Clinical trials that have attempted to modify vagal efferent activity by means of aerobic exercise [17, 18], resistance exercise [19] or device-guided vagal nerve stimulation [20–22] have yet to demonstrate consequent reduction in pro-inflammatory activity that is independent of confounding factors such as anti-inflammatory medications.

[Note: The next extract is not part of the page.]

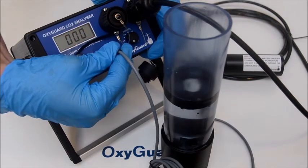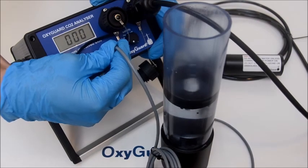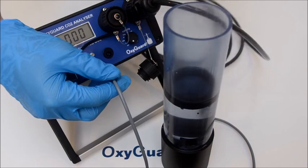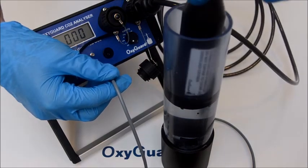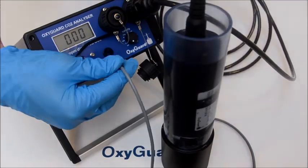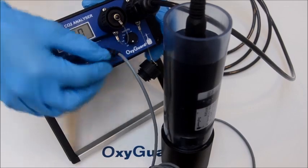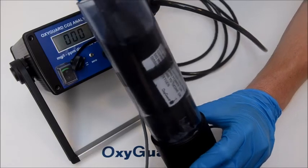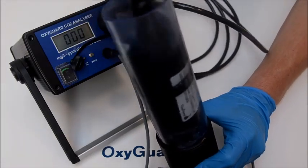Stop the stirrer, place the probe in the beaker, and start the stirrer again. Make sure that there are no bubbles under the probe. When the reading is stable after about five minutes, write down the value. You will need this value later.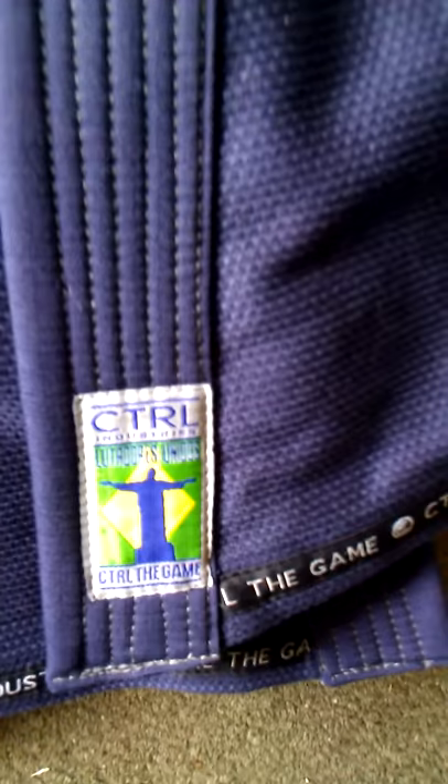On the bottom, you have outside seam taping. Control the game all around. You have a little logo. On this gi, you do have an armpit reinforcement. On the bottom, you have seam tape — that is the checkerboard seam tape. You have square reinforcements, and you can see it has gray accents. Same pro weave reinforcements around the vents.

Subjects received four weekly and two biweekly 1-h sessions of behavioural neurocardiac training or autogenic relaxation, as described previously [23]. Home practice sessions complemented the laboratory-based training. All sessions began with a 10-min review of cognitive-behavioural guidelines for managing daily stress [25].

At the completion of each task, subjects were trained to cognitively disengage from negative or aroused affect and to focus attention on slowing respiration (within their comfort zone) to 10-s cycles (6 breaths min−1). During each countering exercise, subjects were guided by the use of biofeedback to increase RR spectral power at approximately 0.1 Hz, as shown on a biofeedback display of the RR power spectrum (0.003–0.5 Hz) and breaths min−1.

The major finding of this study is that following an 8-week protocol of behavioural neurocardiac training or autogenic relaxation amongst patients with hypertension, change in hsCRP was associated independently and inversely with changes in tonic and reflex vagal heart rate modulation as measured by RR high-frequency power (ms2 per Hz), baroreflex sensitivity (ms per mmHg) and lengthening of the RR interval (ms). A statistical trend in the data suggested a similar inverse association between changes in IL-6 and RR high-frequency power.

A central hypothesis of the cholinergic anti-inflammatory reflex model is that the innate immune response is regulated, in part, by rapid and localized efferent activity of the vagus nerve. Previous reviews have identified the functional anatomy and neural mechanisms of this model [10, 29, 30]. In brief, efferent fibres of the vagus nerve comprise a neural anti-inflammatory pathway that culminates in the release of acetylcholine in proximate sites where pro-inflammatory factors have been expressed. Acetylcholine has been shown to bind to subunit α7 of nicotinic acetylcholine receptors on cytokine-producing immune cells [30]. This inhibits the activation of NF-κB and the subsequent expression of a pro-inflammatory cascade that includes TNF-α, IL-6 and CRP [10].

To our knowledge, the present proof of principle study involving hypertensive patients provides the most direct evaluation of whether augmentation of tonic or reflex vagal heart rate modulation, in this instance by a behavioural intervention, attenuates independently pro-inflammatory activity as assessed by hsCRP and IL-6. It is noteworthy that the present findings were observed following only modest changes in markers of vagal HR modulation. Previous behavioural trials of heart rate variability biofeedback or relaxation [32–34] have reported a small but statistically significant increase in vagal HR modulation. Similarly, behavioural training is associated with a modest, but statistically significant decrease in proinflammatory factors, including hsCRP and IL-6 [35], although heart rate variability biofeedback failed to reduce other inflammatory factors following experimental administration of an endotoxin (lipopolysaccharide) [36].

In sum, the present findings support the model of a cholinergic anti-inflammatory reflex when pro-inflammatory activity is measured by hsCRP. Clinical trial evidence has demonstrated that behavioural interventions can significantly augment vagal heart rate modulation or cardiovagal baroreflex gain through the use of relaxation training and biofeedback [32–34].